Editor: Do you see a commonality of purpose between U.S. laws regarding age and sex discrimination, persons with disabilities, etc. and other employment protection laws in the UK?
Sippitt: Clearly, there is a commonality of purpose. There is a clear distinction in respect to various laws that we have as to how these laws are implemented. The warning I give to U.S. employers is to make no assumptions about the way the laws they are familiar with apply within the UK. Indeed, one of the strong recommendations I make is that if the U.S. employer is to operate within the UK, their relevant managers get some specific briefing on issues such as discrimination so that they don't fall foul of those provisions in the mistaken belief that they are the same as in the U.S. The same applies to British employers operating in the U.S.

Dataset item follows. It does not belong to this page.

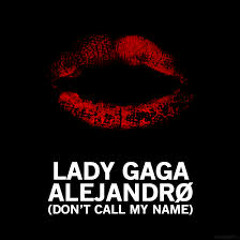 Alejandro - Lady Gaga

Nonetheless, there are some common features. In a presentation I made to U.S. executives several years ago having to do with the disability discrimination laws in the UK, I pointed out that there was much in our then new employment laws which had been adopted from or reflected the U.S. equivalent - but with sometimes significant changes. When the UK adopted new laws on the compulsory recognition of trade unions in 2000, much of the legislation was borrowed from the U.S and Canada, but with vital changes made which closed certain loopholes in favor of British trade unions compared with their U.S counterparts, e.g., making it possible in some circumstances for unions in the UK to win recognition without any ballot. Take age discrimination laws as another example. They are still in the process of being refined. However, we are moving toward implementing these laws by October 2006. No doubt they will be influenced by U.S. laws, but they will be quite different. They are intended to cover protection of all age groups, not just the older workers. It will be a very wide-ranging change of law which will have huge effects on decision-making in such areas as recruitment, development of people, promotions and, of course, terminations.

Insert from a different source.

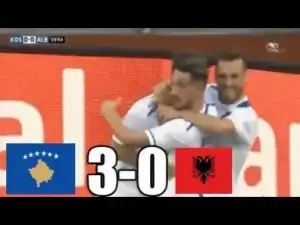 Video: Kosovo vs Albania 3-0 - All Goals & Highlights - Friendly 29/05/2018 HD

Editor: Is there any limitation on damages available in connection with discrimination claims?
Sippitt: In the UK all types of discrimination claims give rise to uncapped damages awards. They are not only available against the employer company but also against individuals if found guilty of discrimination. It is not unusual in the UK for a manager to be personally sued as well as the employer if discrimination is alleged. This is why it is particularly important that if a U.S. company is placing managers in the UK, it must make sure the managers know what their obligations are. Otherwise, they may be personally responsible to satisfy the claim.

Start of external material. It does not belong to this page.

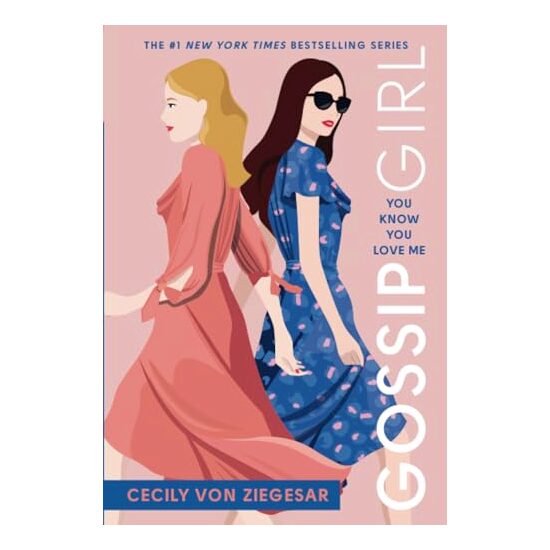 Gossip Girl #2 : You Know You Love Me, Cecily von Ziegesar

Editor: Do you in the UK have the legal concept of "piercing the corporate veil"?
Sippitt: This issue does not normally arise in the course of employment law since in the normal course the employer is clearly defined and only one company is the employer. I would not normally expect the corporate veil to be pierced except under very unusual circumstances where there has been some form of insolvency procedure and there might be the need to trace beyond the first employer into another business or to hold "shadow directors" of an insolvent company to account.
Editor: Your firm has been guiding clients who are making acquisitions as to pitfalls to avoid in sizing up a target company's labor situation, particularly TUPE (Transfer of Undertakings Regulation), a protection for employees, which should be considered in the course of due diligence. Does this concept apply when a company is making an asset purchase rather than a stock purchase, since in the U.S. many contracts can be abrogated or negotiated out under the asset purchase arrangement?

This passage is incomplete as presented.